Il y a une forte opinion négative des Comores vis-à-vis de l’institution judiciaire. Quelle est aujourd’hui la politique de l’Etat pour y remédier et améliorer le service public de la justice ?
Les réformes déjà engagées par le chef de l’Etat contribueront à redonner l’image de la justice comorienne.
Les Comores sont impatientent d’en savoir plus sur l’affaire Bapele. Où en est-on du dossier et l’enquête dite ouverte est à quel niveau ?
Tout le monde sait qu’une enquête est ouverte mais par respect de l’indépendance de la justice dont on a l’habitude de fustiger abusivement parfois, laissons-la faire son travail. De toutes les façons, ce n’est pas la seule affaire du genre, donc il ne faut surtout pas personnaliser les affaires car il n’y a pas de «petite» et «grande» victime.
Vous avez gelé tout recrutement à la Fonction publique pour de contrôles physiques. Où en est-on des travaux et qu’elle en est la finalité ?
Les travaux vont bon train, réalisés par une commission mise en place par décret du chef de l’Etat. Le gel est justifié par le fait qu’on ne peut pas à la fois construire et détruire. Mais l’objectif du processus est de parvenir à un nettoyage complet du fichier des agents de l’Etat, indispensable pour une bonne maîtrise de notre masse salariale et une bonne gestion des carrières des agents de l’Etat, c’est donc de l’intérêt de tout le monde.
Les gouvernorats sont devenus des boites à lettres. Le gouverneur de Ndzuani se plaint souvent de manque de prérogatives propres. Il n’y a pas, à notre connaissance, un texte d’application des articles 101, 102 et 103 de la constitution. Y a-t-il un projet de texte qui clarifiera les compétences propres des îles ?

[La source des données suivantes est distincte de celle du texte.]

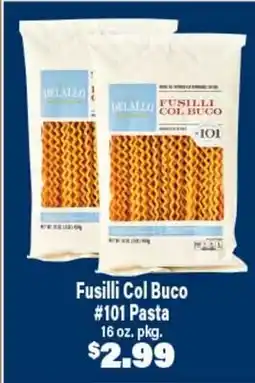 Angelo Caputo's Fresh Market Fusilli Col Buco #101 Pasta offer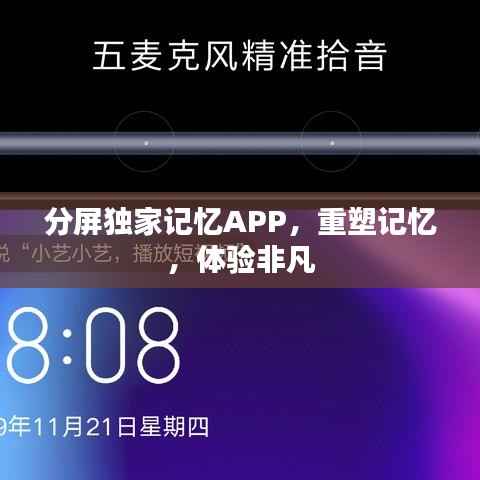 分屏独家记忆APP，重塑记忆，体验非凡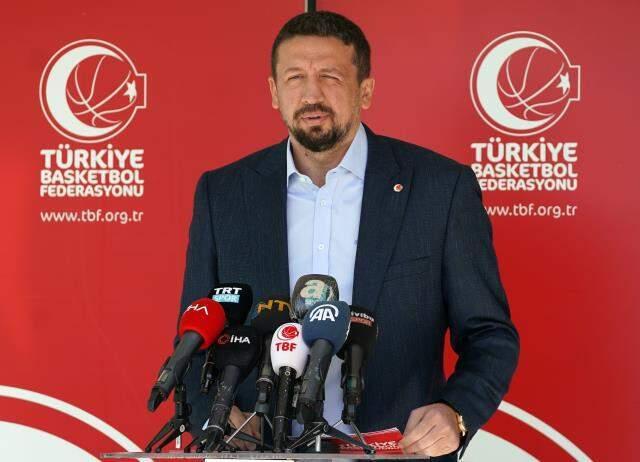 TBF President Hidayet Türkoğlu received a statement on the allegation of dismissal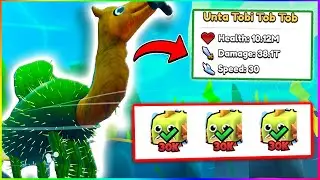 Unlocking NEW MAX EVOLUTION UNTA TOBI With RANK 1 LEADERBOARD TEAM! Brainrot Evolution Roblox!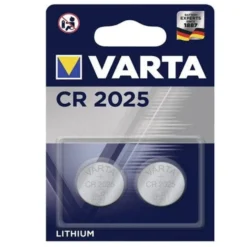 PILE CR 2025 X2 - 6025101402 - VARTA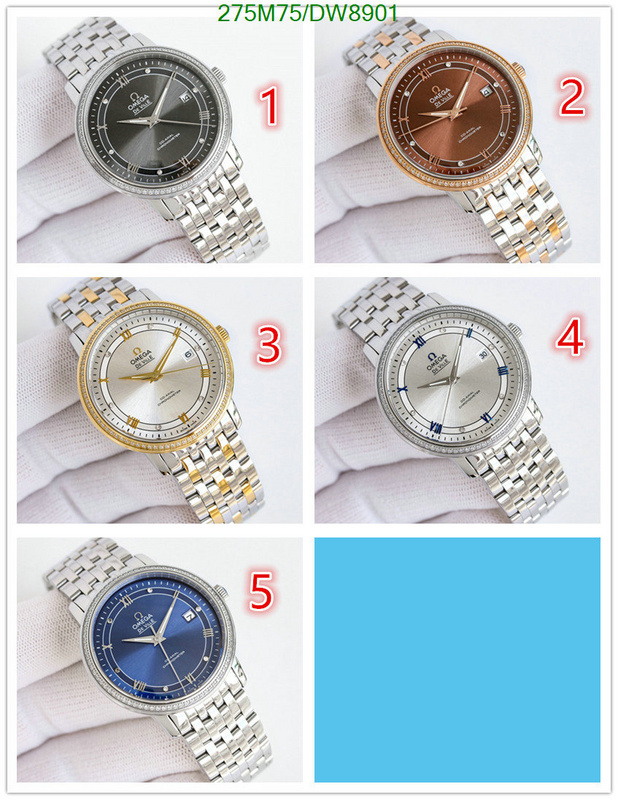 Omega-Watch-Mirror Quality Code: DW8901 $: 275USD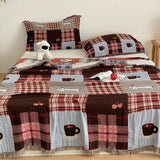 Yeknu  100% Cotton 4-Layer Gauze Fringe Blanket Spring Summer Soft Throw Blanket Multi-use Shawl Travel Blanket for Bed Sofa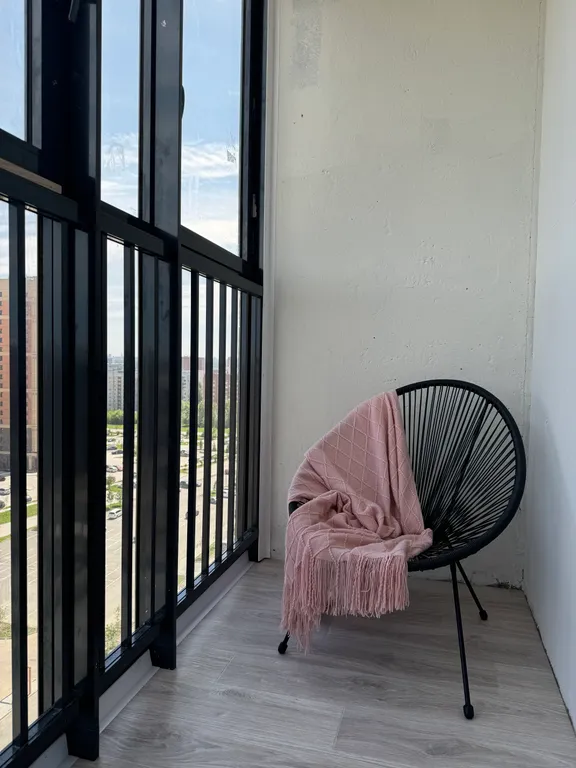 Уютная студия со всем необходимым для проживания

Aucun gouverneur ne s’est plaint de quoi que ce soit, bien au contraire, tous ont fait et continuent encore de faire preuve de grande responsabilité car eux mêmes savent que le nouveau cadre institutionnel mis en place d’un commun accord, exige plus de patience et de compréhension. Ceci étant, je reconnais que cette situation ne peut plus perdurer et c’est pourquoi le chef de l’Etat lui-même en a fait une affaire personnelle en ordonnant la soumission prochaine au vote des députés, le texte législatif définissant et clarifiant les compétences des différentes entités de l’Etat, c’est à dire l’Union et les îles.
L’opposition et des Comoriens de France agitent la toile au sujet de ce 26 mai 2021. Comprenez-vous leur appel ? Que leur répondez-vous ?
Un homme sage disait que l’une des pires stupidités, c’est de se mentir.